Bu nedenle, çalışmalarda Hint Budist sanatının izleri dikkati çekmektedir. İpek yoluna çıkacak kervanlar, çöle girmeden önce, buradan tüm gıda ve su ihtiyaçlarının ikmalini yapmışlardır.

Çin Gansu eyaleti Dunhuang

Günümüzde:

Şehir merkezi, önemli bir turizm ve  ticaret merkezi olarak öne çıkmaktadır. Nüfus: 200.000 civarındadır. Şehir yakınlarındaki Mingsha Shan kum tepeleri ilgi çekmektedir. Çünkü, bu kum dağının, sürekli kendini yenilediği ve tepe üzerinden gelen rüzgarın sesinin, kumun şarkısı olduğu düşünülmektedir.

Çin Gansu eyaleti Dunhuang

Buradan kendiniz veya yakınlarınız için hediyelik bir şeyler satın almak isterseniz: Huyang denilen çok yumuşak ağaçtan yapılmış biblolar satın alabilirsiniz. Ancak, yanılmamak gerek, Huyang ağacından yapılmış olduğu söylenen ama farklı ağaçlardan oyulan bibloları da satıyorlar.

Çin Gansu eyaleti Dunhuang

Dunhuang Bowuguan Müzesi

Kent merkezindedir. Ama, bu müze, tam bir tarih hazinesi koleksiyonların sergilendiği yer. İpek yolundan, şehre miras kalan binlerce yıllık objeler sergileniyor. Müzeye girince, hemen ilk bölümde: Mogao mağaralarında bulunan nadir yazma eserler görülüyor.

Mağaraların kuru ortamı, bu kağıt eserlerin binlerce yıl sonra, günümüze ulaşmasını sağlamıştır. Müzenin diğer salonlarında ise: çömlekler, zırh, tarımda kullanılan bir saban ve antik mezarlardan çıkarılan adak eşyaları görülebiliyor. Son olarak ise: eski bir satranç takımının da bulunduğu, el sanatı eserleri var.

Mogao Mağaraları

Burası: şehir merkezine 25 km. uzaklıktadır. Giriş ücreti: 160 yuandır. İngilizce rehberli turlar ise, 180 yuandır.
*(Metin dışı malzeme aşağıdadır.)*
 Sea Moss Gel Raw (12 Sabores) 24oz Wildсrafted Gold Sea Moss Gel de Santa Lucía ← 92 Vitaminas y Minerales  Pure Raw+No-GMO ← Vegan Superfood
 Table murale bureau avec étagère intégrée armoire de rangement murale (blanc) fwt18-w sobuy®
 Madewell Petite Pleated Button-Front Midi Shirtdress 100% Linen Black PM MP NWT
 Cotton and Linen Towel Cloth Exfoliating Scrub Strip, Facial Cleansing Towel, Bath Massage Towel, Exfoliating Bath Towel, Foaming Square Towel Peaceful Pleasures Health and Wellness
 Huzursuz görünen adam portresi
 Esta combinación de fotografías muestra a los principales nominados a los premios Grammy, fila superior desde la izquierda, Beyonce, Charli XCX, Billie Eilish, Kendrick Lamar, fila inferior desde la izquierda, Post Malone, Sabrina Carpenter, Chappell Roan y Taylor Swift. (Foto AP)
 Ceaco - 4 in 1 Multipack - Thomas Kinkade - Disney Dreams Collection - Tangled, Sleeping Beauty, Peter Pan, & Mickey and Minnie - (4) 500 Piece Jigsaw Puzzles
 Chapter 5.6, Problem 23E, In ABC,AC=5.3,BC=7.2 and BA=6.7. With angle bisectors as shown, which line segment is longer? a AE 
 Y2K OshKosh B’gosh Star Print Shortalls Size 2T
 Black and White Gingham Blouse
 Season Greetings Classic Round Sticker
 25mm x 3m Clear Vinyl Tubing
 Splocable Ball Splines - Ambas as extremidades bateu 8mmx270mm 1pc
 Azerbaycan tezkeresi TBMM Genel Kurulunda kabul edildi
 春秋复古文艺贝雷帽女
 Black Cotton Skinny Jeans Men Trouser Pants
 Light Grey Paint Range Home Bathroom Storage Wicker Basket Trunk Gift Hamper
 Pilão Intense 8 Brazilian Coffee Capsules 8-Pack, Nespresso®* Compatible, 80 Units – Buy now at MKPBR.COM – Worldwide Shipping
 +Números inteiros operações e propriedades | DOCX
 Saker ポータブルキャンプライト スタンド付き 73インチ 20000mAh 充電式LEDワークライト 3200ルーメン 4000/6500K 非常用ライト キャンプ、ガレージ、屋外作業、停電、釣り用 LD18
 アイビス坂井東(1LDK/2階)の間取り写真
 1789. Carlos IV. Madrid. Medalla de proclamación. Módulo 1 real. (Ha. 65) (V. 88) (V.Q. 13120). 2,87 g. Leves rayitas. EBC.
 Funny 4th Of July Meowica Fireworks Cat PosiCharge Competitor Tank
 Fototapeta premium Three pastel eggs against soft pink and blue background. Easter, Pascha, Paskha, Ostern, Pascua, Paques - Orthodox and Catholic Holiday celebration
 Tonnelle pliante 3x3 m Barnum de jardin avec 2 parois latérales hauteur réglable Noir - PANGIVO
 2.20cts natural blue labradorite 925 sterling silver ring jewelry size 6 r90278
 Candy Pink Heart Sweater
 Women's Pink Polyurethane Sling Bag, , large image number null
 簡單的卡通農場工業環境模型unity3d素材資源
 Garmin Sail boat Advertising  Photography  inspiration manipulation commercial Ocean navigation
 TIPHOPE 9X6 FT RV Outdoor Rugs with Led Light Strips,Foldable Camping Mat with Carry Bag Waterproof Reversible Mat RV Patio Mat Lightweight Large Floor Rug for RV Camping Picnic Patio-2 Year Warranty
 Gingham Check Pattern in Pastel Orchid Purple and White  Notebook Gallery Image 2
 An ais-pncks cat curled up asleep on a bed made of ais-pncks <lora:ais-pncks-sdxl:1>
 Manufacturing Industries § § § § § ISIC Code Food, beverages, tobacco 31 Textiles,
Açılış saatleri: 08.30-18.00 arasındadır. Burayı ziyaret için, muhtemelen 4-5 saat zaman ayırmanız gerekmektedir. Bu zaman içinde, ziyarete açık 15 mağara gezmeniz mümkün oluyor. Geri kalan mağaralar kapalı, çünkü resimlerin yıpranacağından çekiniyorlar ve yeni bir proje hazırlıyorlarmış.

Yani, bu 492 mağarada bulunan orijinal resimler, sanal bir mağara yaratılarak, aynen orijinal mağaralardaki resimler canlandırılacakmış. Bu resimlerin tümü, yaklaşık 450.000 metrekarelik bir alanı kapsamaktadır. Resimler yan yana konulsa, yaklaşık 30 kilometrelik bir galeriyi doldururlar. Heykel derseniz, 2000 den fazla renkli heykel figürü bulunduğu söyleniyor.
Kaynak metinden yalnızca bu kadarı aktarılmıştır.